Yes, the mystical experience is potentially misleading, but this must be placed into context of what we mean by mystical experience, as previously discussed.
To your statement, "When you’re having the sense that you’re the divine subject of all experience..." my immediate response is that there is no "you" in the divine, there is only the divine, though I don't like that word.
You said, "While you’re in it, it feels true and profound..." I would say, again, that there is no "you" that is in it. How something feels is not what's important; in fact, it is unimportant, because it's not at all about feeling or assessing, but rather observing what "is."

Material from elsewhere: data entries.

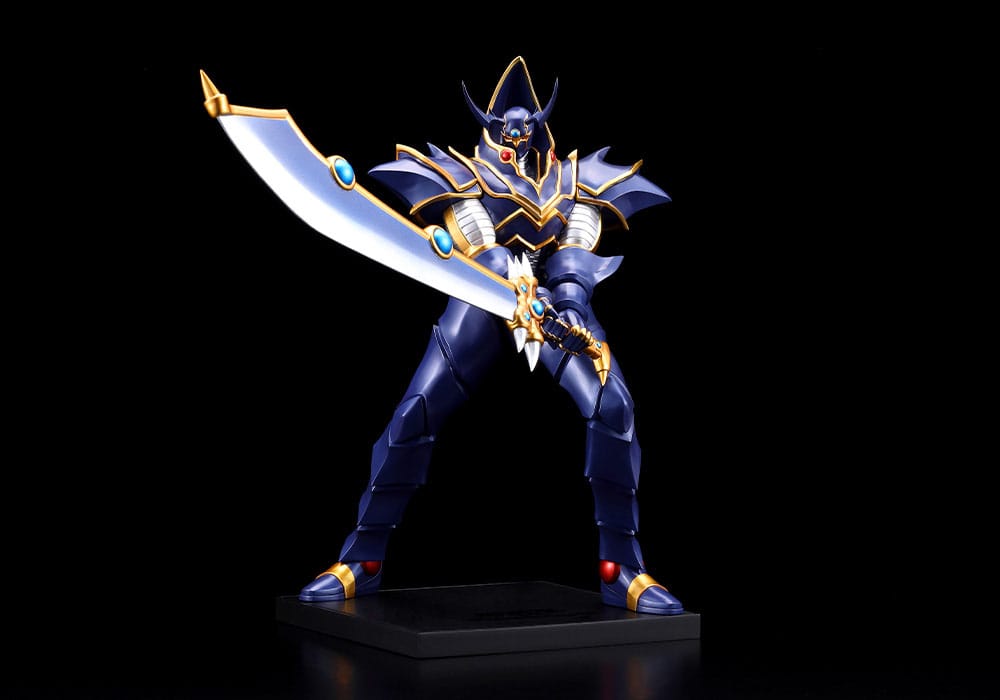 Buster Blader Yu-Gi-Oh! Oshi Works Kotobukiya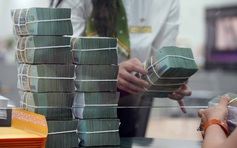 Chậm kê khai thuế, hộ kinh doanh bị phạt ra sao?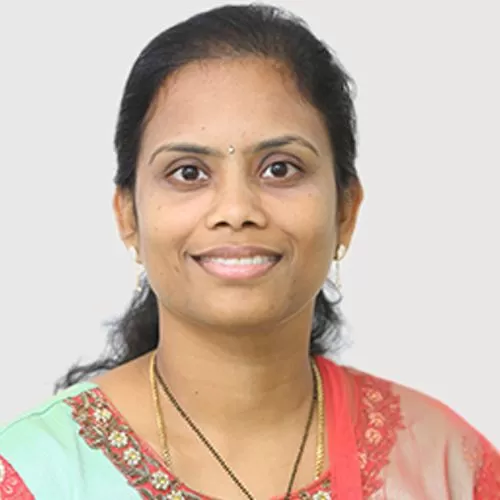 Dr. D. Sri Phani Bhargavi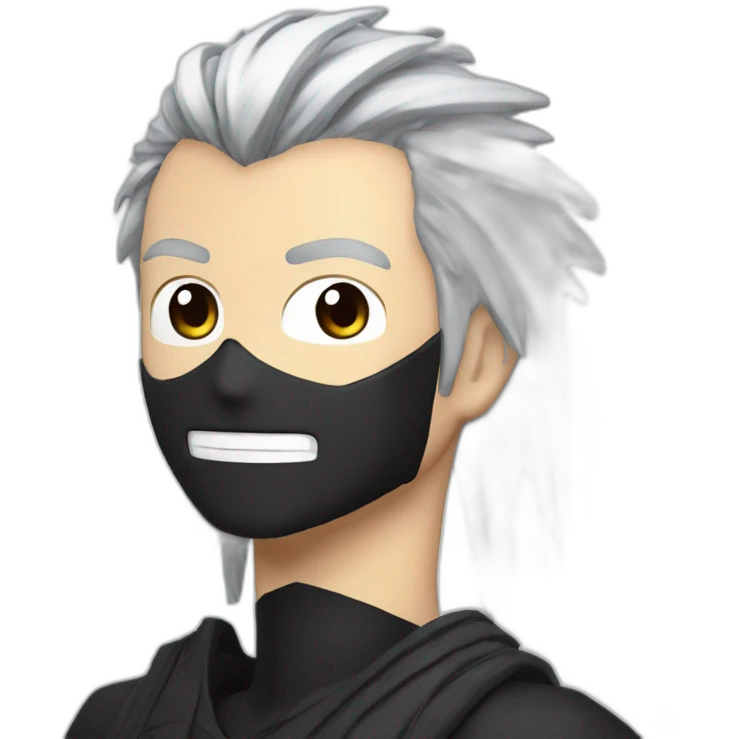 kurosaki ichigo emoji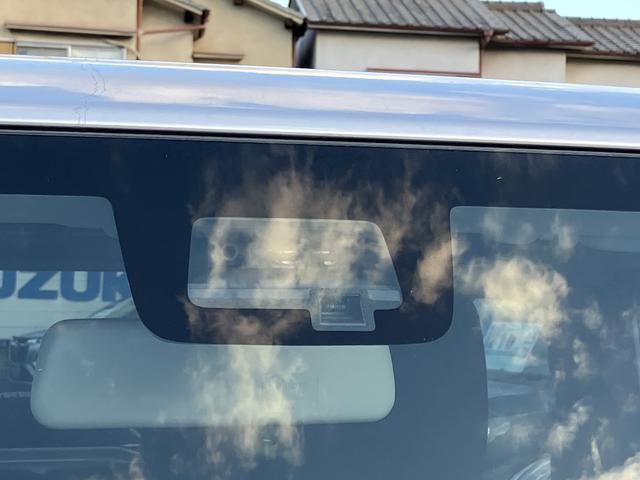 ジムニー ＸＣ　パートタイム４ＷＤ　パートタイム４ＷＤ　前方衝突被害軽減ブレーキ　オーディオスイッチ　クルーズコントロール　オーディオレス　キーレスプッシュスタート　両席シートヒーター　アルミホイール（26枚目）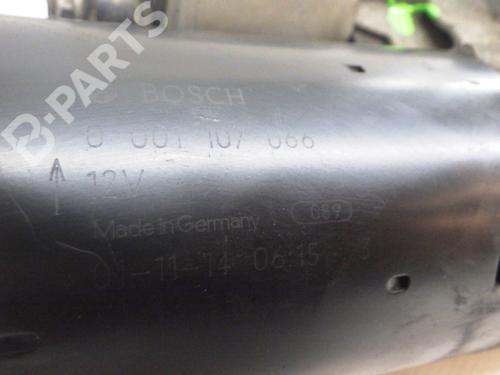 Starter ALFA ROMEO 156 (932_) 1.6 16V T.SPARK (932.A4, 932.A4100) | BP5159957M8 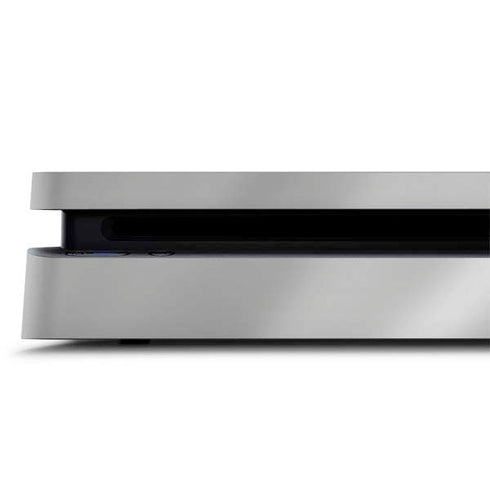 MLB Kansas City Royals Jersey PS4 Slim Skin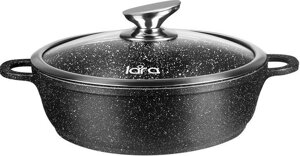 Сотейник Lara Rio LR02-211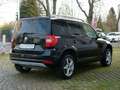 Skoda Yeti TSI 1.Hand Klima Allwetter HU 2027+GARANTIE Schwarz - thumbnail 4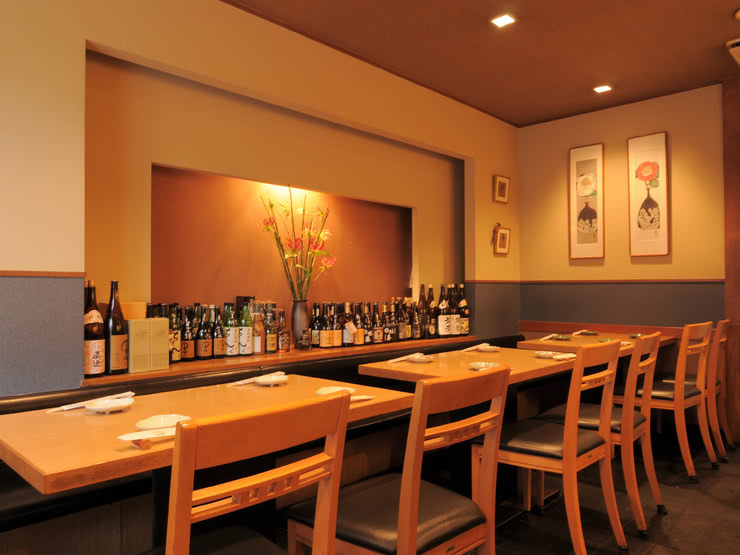 精選15間流行發信地表參道・原宿的美味和食餐廳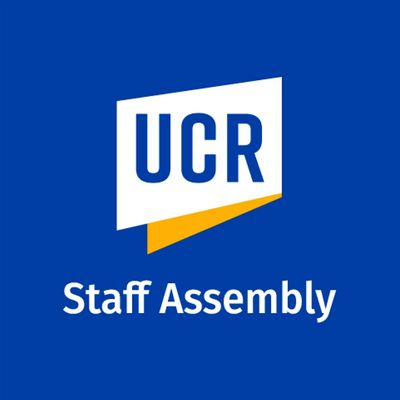 UCR Staff Assembly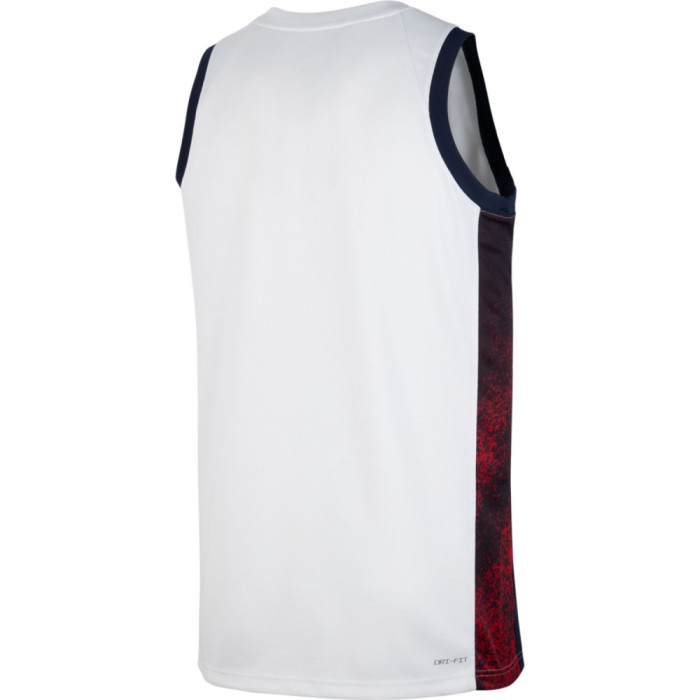 Maillot Nike Team USA Limited Home image n°2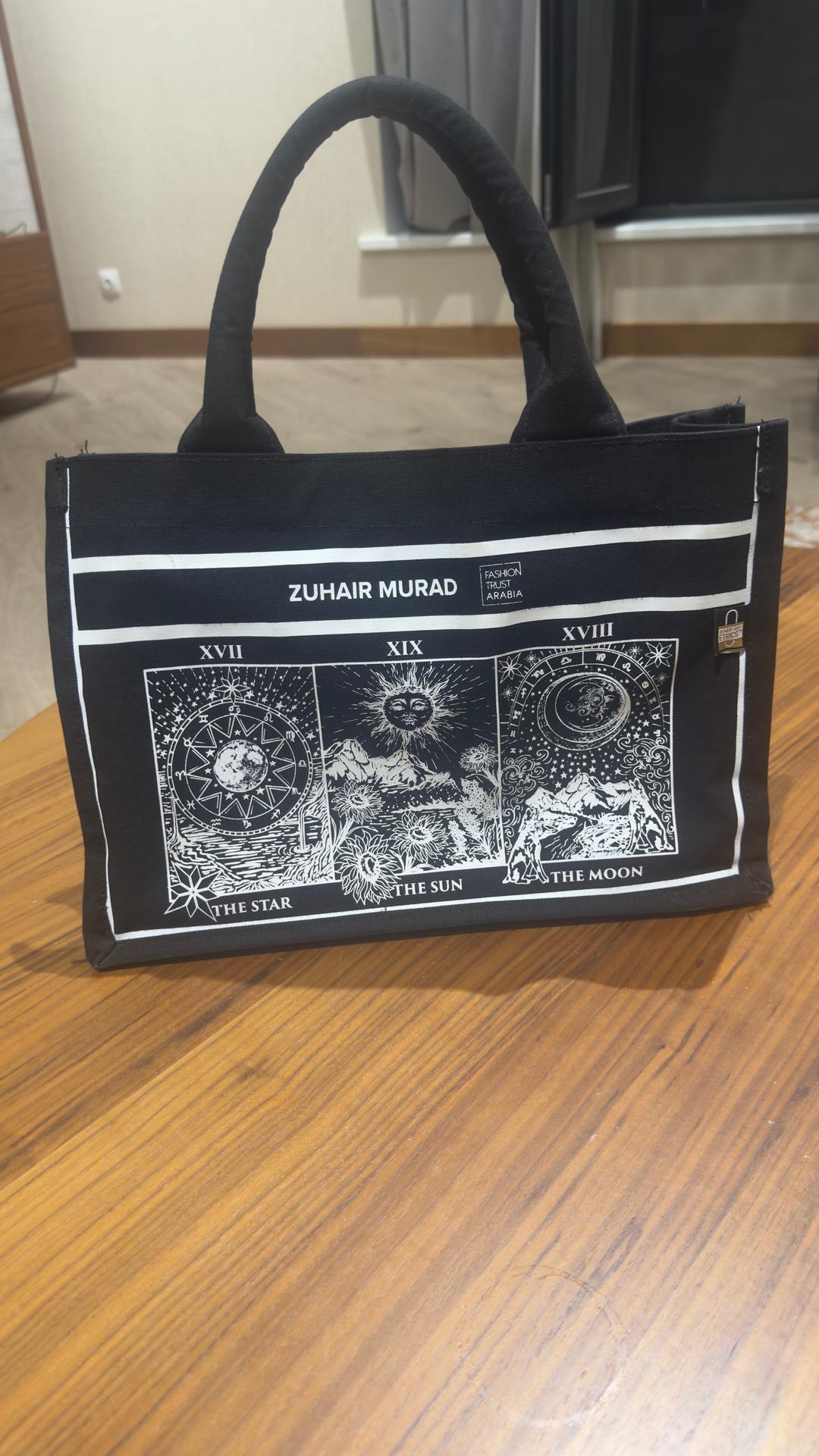 Zuhair Murad Сумка Zuhair Murad — фото 2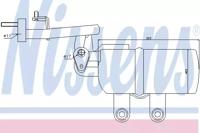 Nissens 95332 Осушувач кондиціонера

You wrote: "When you’re having the sense that you’re the divine subject of all experience, you won’t feel the need for philosophical doubts, or you won’t fear such doubts since the answers come in a way that seems to precede logic, intuition, and ordinary perception." There are no answers, only some indescribable "seeing" or observing. There are no answers, only seeing what is.
You wrote: " It’s easy to understand how a peak state of consciousness scrambles normal brain functioning, reducing inhibitions or combining modules that are normally held apart." Yes, I agree, but this has nothing to do with the ineffable, but rather with the world of phenomena, thought, the self, and so on.
You wrote: "There are altered states of synesthesia in which sounds have visual appearances, and sights have sounds or smells. Should those experiences be taken at face value and as revealing the true nature of the world? Or should we apply science to understand what’s happening in the brain?" These examples have to do with conscious experience, not the ineffable. Sights, sounds, tastes, smells, thoughts, etc., are within consciousness as the movement that emanates out of the capacity or void of which I speak. It is this capacity that becomes one's identity instead of the identity that claims possession of feelings, thoughts, etc.
You wrote: "Those metaphors become stretched because the initial presumption that first-order experience suffices for understanding demotes knowledge and sensation. What you’re left with is the structure of consciousness, the essence of qualia, and you’re slapping labels onto it that apply, rather, to the more advanced products of cognition." Yes, again I agree, but this is the problem with thought and language, as I indicated. There is no good way to explain what is unexplainable. Language is a failure, and labels are language. Anything that is described involves cognition, doesn't it?
You wrote: "Qualia, by themselves, entail an ultimate haver of mental contents." Yes, I completely agree. Someone experiences the qualia, which is why using qualia as an analogy is just a poor metaphor or example.
And lastly, you wrote: "That unity appears when you forget about the plurality, and you train yourself to shut down certain mental processes. In that altered state things will seem unified. But that seeming isn’t yet a kind of understanding, knowledge, or perception. That’s the leap I’d dispute, at any rate." I would say that there is no forgetting, no trying (effort), no concentration, no analysis, and no interpretation involved, UNTIL one is trying to explain what cannot be explained. Also, this is not an altered state that I speak of; it is the true state, which means that it is the state that exists when all else is removed — thought, memory, understanding, discussing, intellectualizing, analyzing, thinking, and so on.
If you were to remove everything that is not the endless, limitless, boundless, definable, explainable, verifiable, objectivized stateless state then what would yet exist? For some there is the recognition that what yet remains is something that pre-exists time, movement, consciousness, feelings, qualia, and all the rest. But, again, language is a failure, because even the words exist, pre-exist, state, etc., are only metaphors for what cannot be explained.
The bottom line is that we learn to question things, and people like you are quite adept and finding deeper meaning and nuances to make better sense of our world and experience. This is how my mind was formed as well. Oddly, though, this is perhaps the greatest obstacle to finding, or uncovering, the fundamental "state" that is at the bottom of everything and out of which everything that exists, even in potential, emanates. It is this stateless state that I speak of, so you can perhaps see that I am not referring at all to an experience or a thing.
Much of the confusion lies in what we consider mystical. There is the mystical that has to do with all sorts of perceptions, experiences, and feelings; and then there is the mystical that has to do with nothing at all but a capacity for phenomena, forms, expressions, thought, etc. When the mind is emptied of everything then all that is left is a capacity that is not a "thing" or an experience.